Black Twitter gave Shea Moisture quite a dragging upon the reveal of their newest ad featuring three women, two of whom were White. The ad begins with a woman of color talking about embracing her curls and follows with a red headed White woman speaking on accepting her natural hair color.
“I just didn’t think I was supposed to be a red hair. I dyed my hair blonde for seven years. Platinum blonde.”
A peculiar tagline followed: “Break free from hair hate, with a million ways to love your hair instead.”
Twitter ignited with screenshots and side eye memes. Many users expressed outrage over what they percieved as an underrepresentation of their most faitful market base.
There are two issues at play here. The first is that the Shea Moisture brand has been largely supported by men and women of color. Under representing that base made many twitter users understandably upset. Where are the kinky coily textures in this commercial. Where are the curly afros?

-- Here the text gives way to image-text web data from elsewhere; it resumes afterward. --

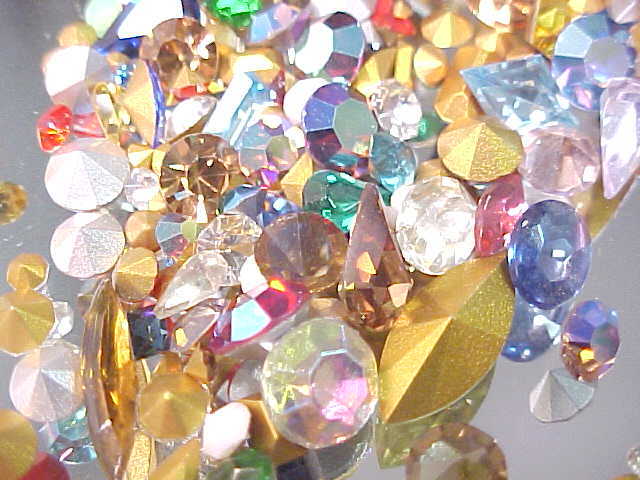 135 SWAROVSKI AUSTRIA CRYSTAL RHINESTONES LOT REPAIR JEWELRY REPAIR & DESIGN NOS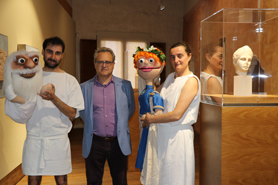 El alumnado del CEIP Maestro Tarrazona realiza una visita teatralizada al Museo Histórico de Sagunto 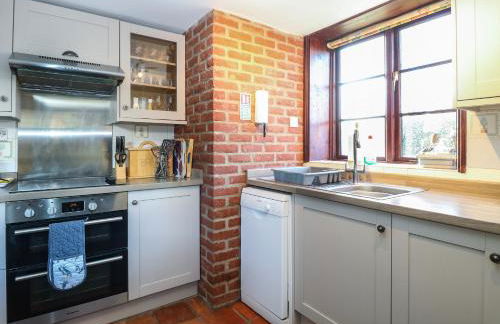 Lanthorn Cottage - Photo 11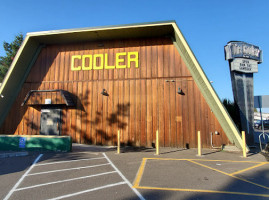 The Cooler Restaurant & Bar outside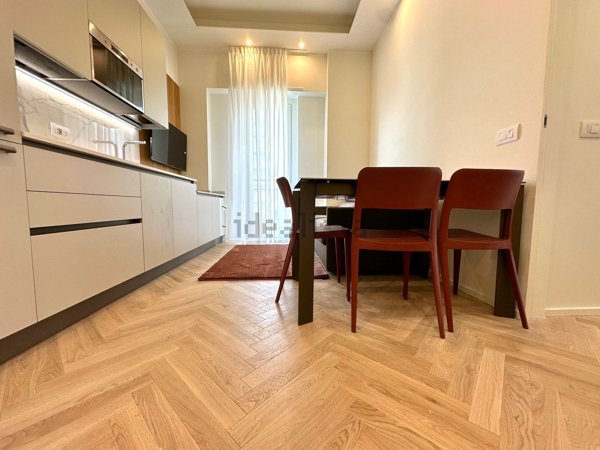 appartamento in vendita a Milano in zona Corsica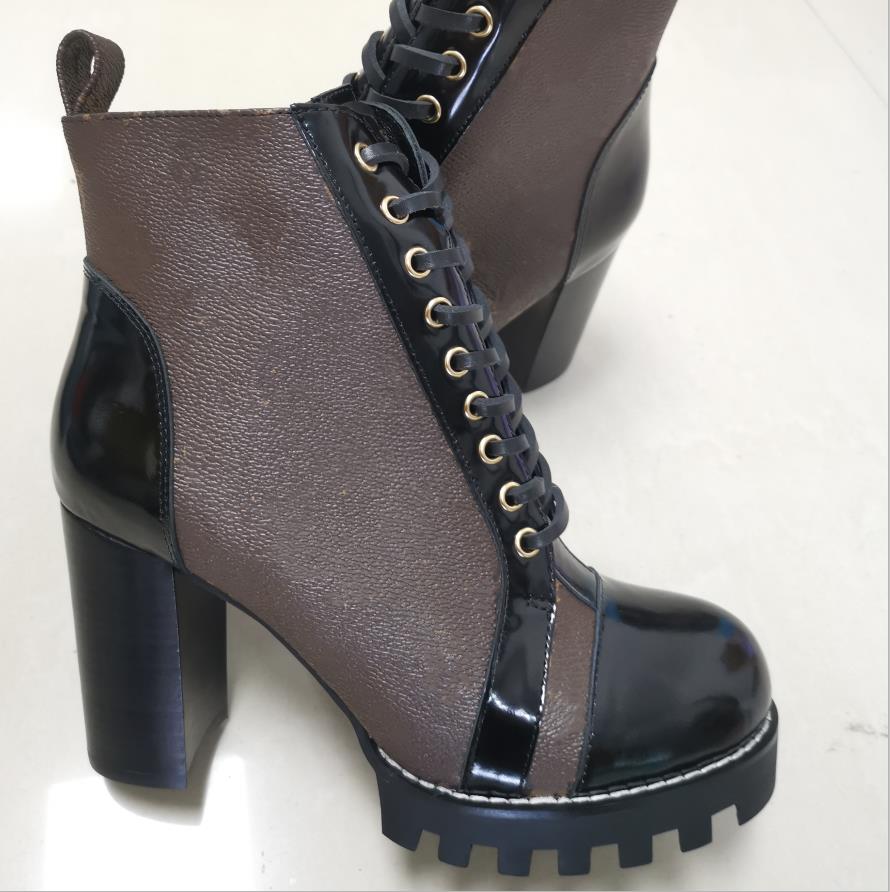 Women Leather Star Trail Boots Side Zipper Letter Flower Printed Designer Lady Lace Chunky Heel Rubber Outsole Ankle Boot, Black
Women Leather Star Trail Boots Side Zipper Letter Flower Printed Designer Lady Lace Chunky Heel Rubber Outsole Ankle Boot, Black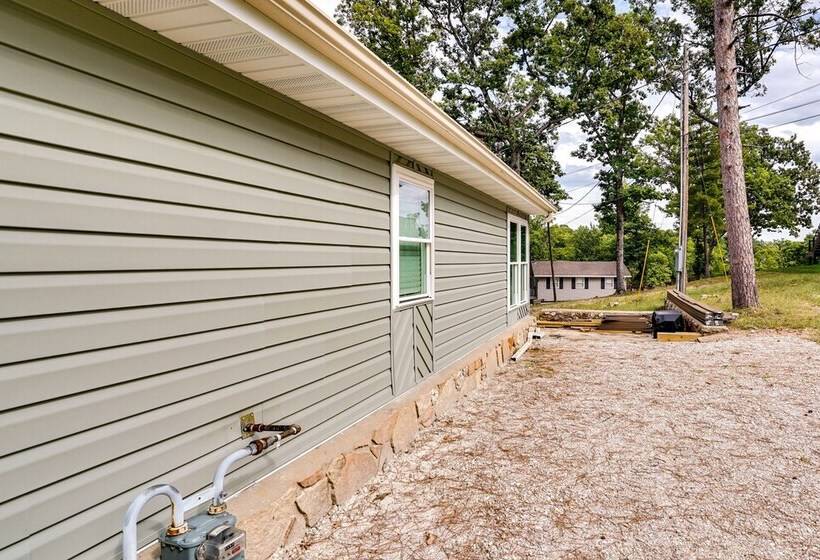 Lakefront Home W/ Private Dock In Sunrise Beach!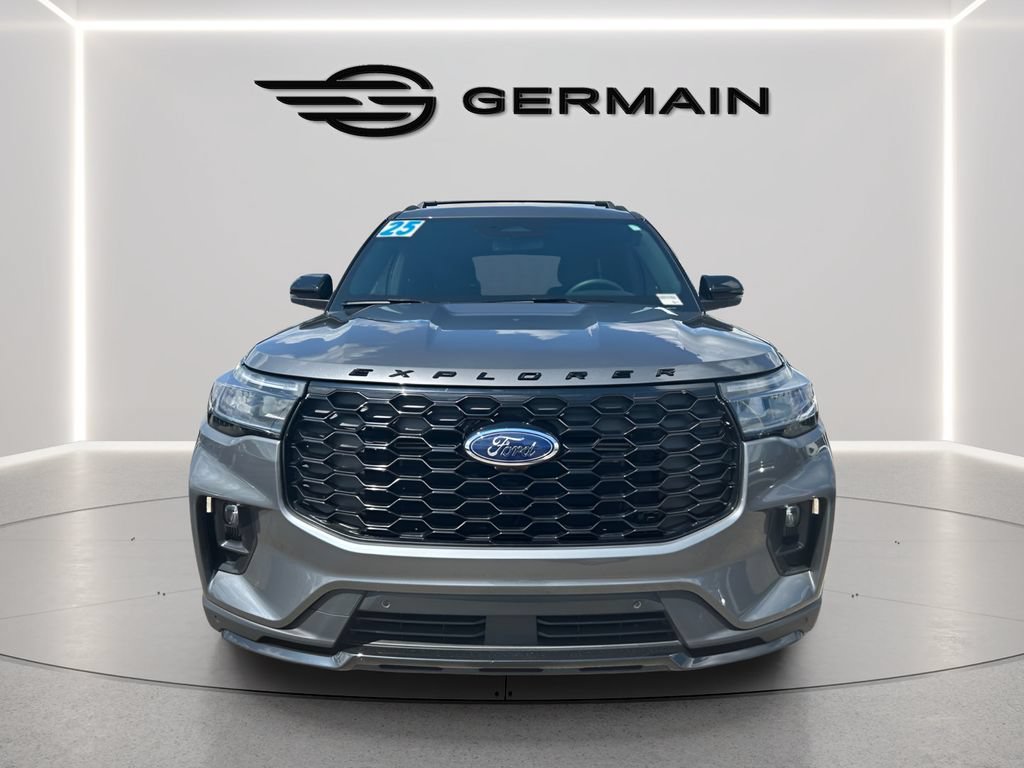 Certified 2025 Ford Explorer ST-Line w/ Premium Package AWD/4WD image 3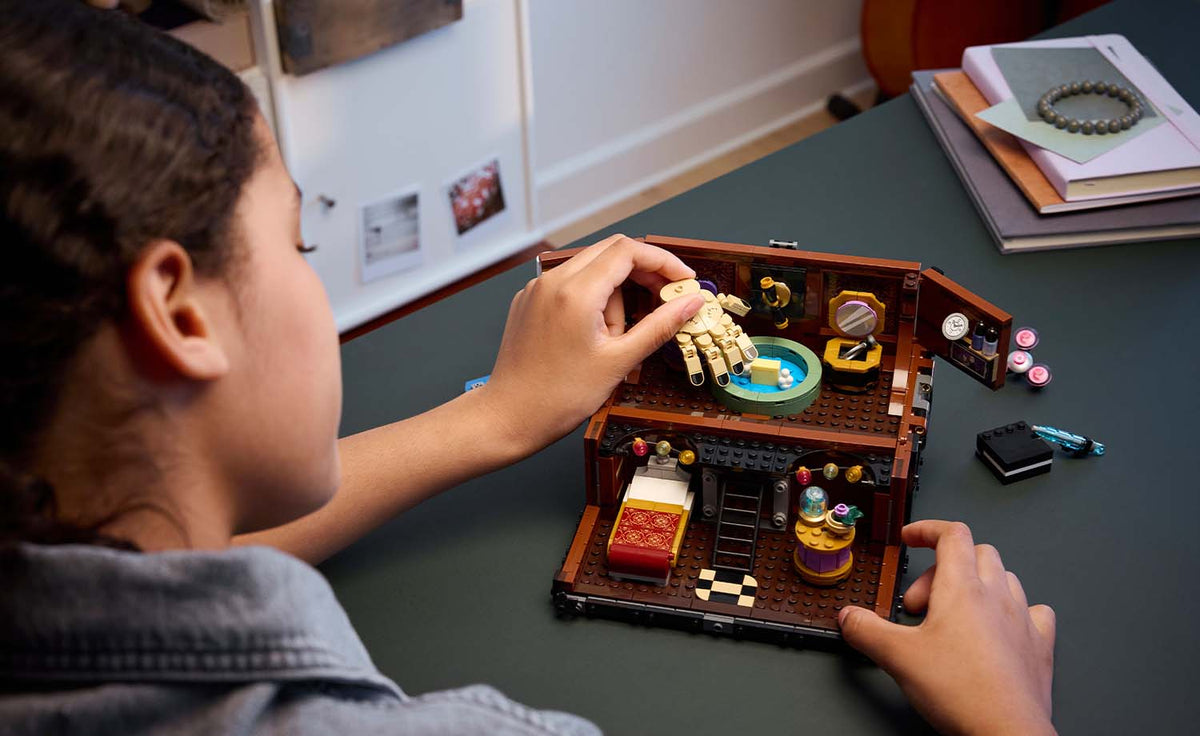 LEGO Wednesday Thing's Apartment | 76785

Additionally, conflating white women’s hair issues to that of women of color minimizes our natural hair journeys — journeys that have socio-political implications that extend far beyond simply being teased or being dissatisfied with the way it looks.
Shea Moisture needs to do better by better representing their market base. There’s nothing wrong with acknowledging the needs of finer hair types, but in the context of a brand who was propelled to success as a result of the support of men and women of color, under-representation of that market base is a serious snub.